(Data entries)
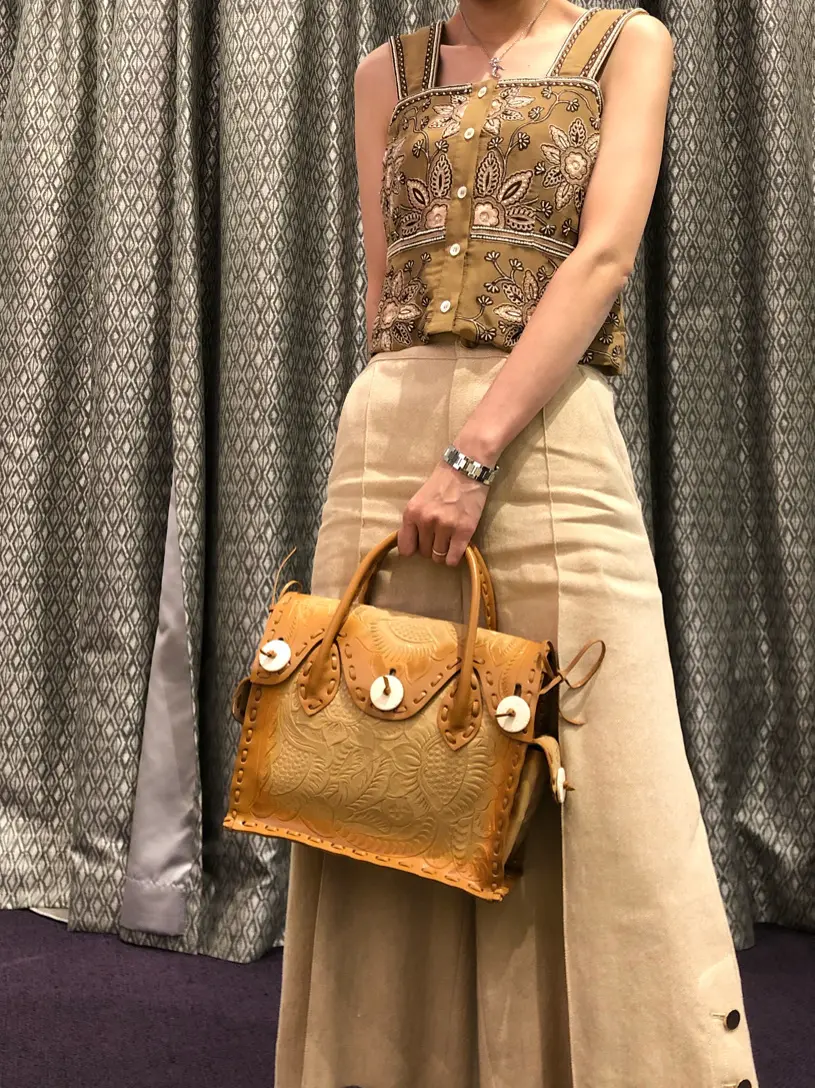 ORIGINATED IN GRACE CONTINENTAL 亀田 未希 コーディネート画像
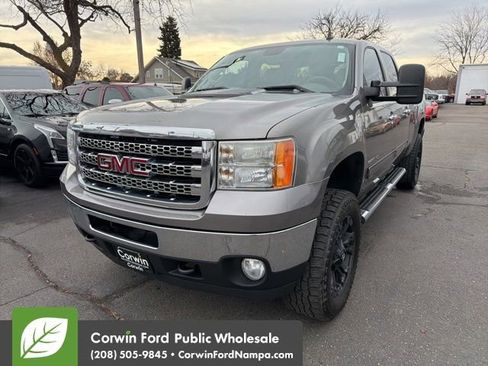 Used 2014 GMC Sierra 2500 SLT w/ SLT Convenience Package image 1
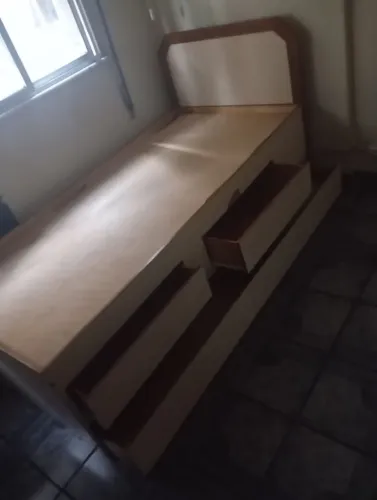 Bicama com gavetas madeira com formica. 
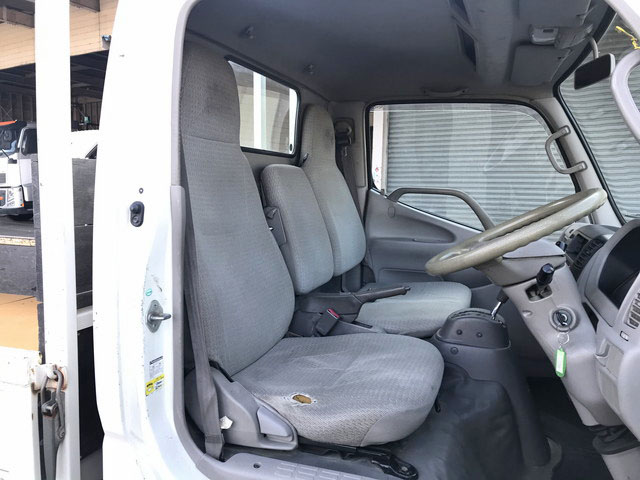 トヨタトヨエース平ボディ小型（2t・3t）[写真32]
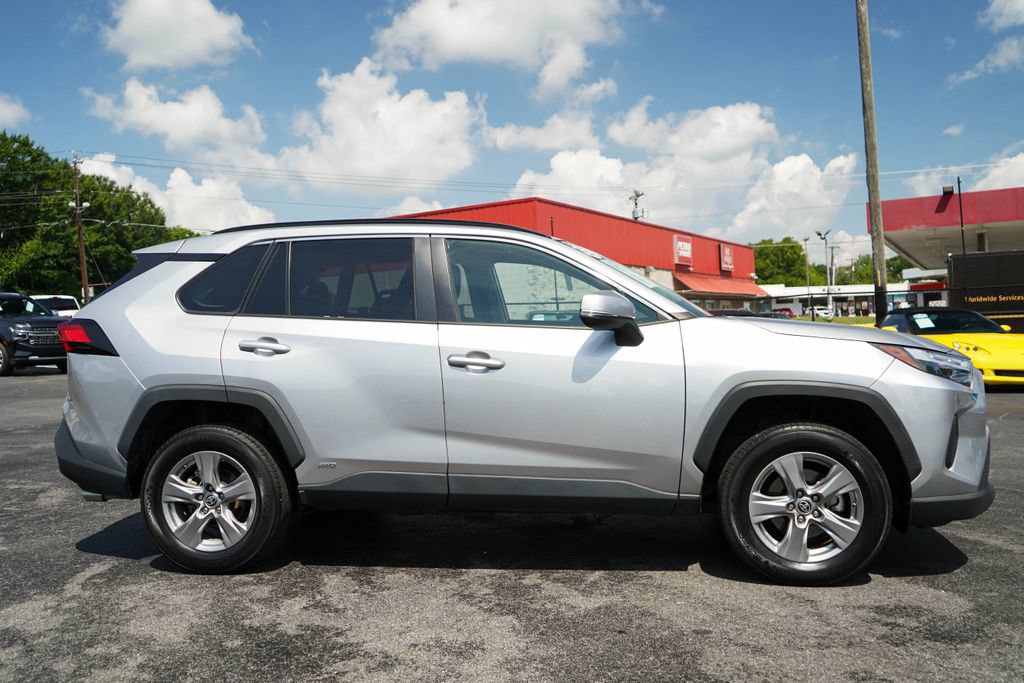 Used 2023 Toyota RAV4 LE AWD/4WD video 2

Work required: Repeat, word for word, each of the records, omitting any image they hold.

Your response:
 ORIGINATED IN GRACE CONTINENTAL 亀田 未希 コーディネート画像
 Used 2014 GMC Sierra 2500 SLT w/ SLT Convenience Package image 1
 Bicama com gavetas madeira com formica. 
 トヨタトヨエース平ボディ小型（2t・3t）[写真32]
 Used 2023 Toyota RAV4 LE AWD/4WD video 2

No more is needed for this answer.